« On n’accuse pas, on veut juste que les choses changent »: le suicide d’une lycéenne transgenre mercredi à Lille, dans le nord de la France, a suscité vendredi une forte émotion et des appels à une meilleure prise en compte par l’Education nationale des questions de genre.
Le ministre français de l’Education, Jean-Michel Blanquer, s’est défendu lors d’un déplacement à Marly-la-Ville, près de Paris: « Nous avons fait énormément sur la lutte contre le harcèlement, qui inclut l’enjeu du harcèlement contre les élèves LGBT ». Il a néanmoins reconnu qu’il fallait « que nous réussissions beaucoup mieux à lutter contre cela ».
Selon des amis de la victime rassemblés vendredi devant le lycée, elle n’était pas harcelée, mais en proie à « un mal-être » découlant de « la difficulté de vivre dans une société qui ne veut pas évoluer ».
L’émotion, après un emballement jeudi des réseaux sociaux, s’est cristallisée autour du lycée du centre-ville, où Fouad – son prénom de naissance -, 17 ans, qui vivait dans un foyer, était scolarisée en terminale.
Renvoyée pour une jupe
Exprimant sa « grande tristesse », la rectrice (responsable régionale de l’Education) a évoqué devant la presse un évènement pointé par les réseaux sociaux: le renvoi du lycée de Fouad le 2 décembre, car elle portait pour la première fois une jupe.
Dans une vidéo d’échanges avec une conseillère d’éducation, filmée par Fouad selon ses amies, l’adulte affirme comprendre son « envie de liberté ».

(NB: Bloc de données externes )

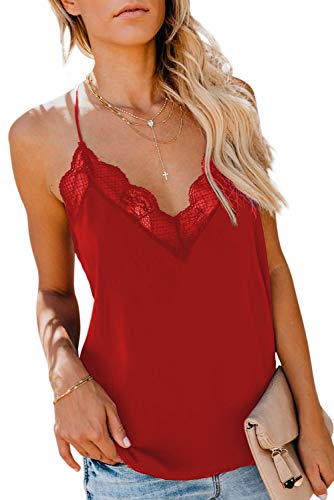 lime flare Women Sexy Deep V Neck Lace Trim Satin Cami Tank Tops Dressy Silk Lacy Camisole Shirt (XX-Large,C# Bright Red Lace)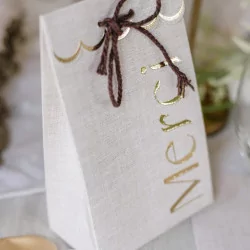 Sachets "Merci" effet lin et or Lot de 10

« Tout ça, c’est fait pour t’accompagner au mieux, c’est ça que tu comprends pas! Parce qu’encore une fois, il y a des sensibilités qui ne sont pas les mêmes », ajoute la conseillère, sur un ton sec.
« Mais c’est eux qu’il faut éduquer », répond Fouad. « Je suis d’accord », rétorque l’adulte, avant que Fouad ne conclue: « Je ne vois pas le problème ».
La rectrice affirme que la conseillère voulait protéger l’élève, lui « dire ‘Si tu arrives comme ça et que personne n’est prévenu, ça ne va pas être bien pour toi’. Je pense qu’au bout du compte l’idée a été quand même d’accompagner ».
La rectrice a raconté que l’élève a été rappelée au lycée l’après-midi même pour « gérer au mieux son retour dans l’établissement, habillée avec sa jupe ».
Pour « tous et toutes les Fouad »
L’épisode a suscité un élan de solidarité chez les élèves qui sont « venus en jupe les jours suivant, y compris des garçons. Elle a pu revenir en jupe, c’était une vraie victoire pour elle », raconte une de ses amies, Zya, rassemblée avec une quarantaine d’autres élèves vendredi matin devant le lycée pour lui rendre hommage.
« C’est très dur, on ne s’y attendait pas », confie en pleurs Anouk Dupont, 17 ans. « On n’accuse pas, on veut juste que les choses changent ».
« Pétillante avec beaucoup de maturité et de recul », Fouad « avait fait son coming-out voici un an et commencé sa transition », détaille Zya.
Mais elle était aussi en proie à « un mal-être, et (à) la difficulté de vivre dans une société qui ne veut pas évoluer », souligne Anouk. Selon ses amies, elle connaissait « des problèmes personnels, familiaux », mais n’était en butte à aucun harcèlement au lycée.
« Fouad était pleinement reconnue au sein du lycée », « elle y avait sa place », confirme le chef d’établissement Paul Marcheville, qui a réuni en début d’après-midi les élèves pour un hommage et une minute de silence dans la cour.
Les élèves n’accablent pas la direction: « Elle a manqué de tact et de pédagogie, ce n’était pas adapté, mais on ne peut pas accuser le lycée », résume Zya.
La rectrice a reconnu la nécessité « d’avoir un programme de formation continue encore plus construit sur ces sujets ».
« Il est temps que les lycées se rendent compte qu’on est en 2020″, les personnels doivent garantir l’émancipation et s’abstenir de tout acte qui pourrait mener au pire », a réclamé le syndicat lycéen FIDL.
« Les personnels doivent être formés aux sujets LGBT », a fait écho le Collectif éducation contre les LGBTphobies, dénonçant une « inaction » du ministère qui « pèse lourdement sur tous et toutes les Fouad ».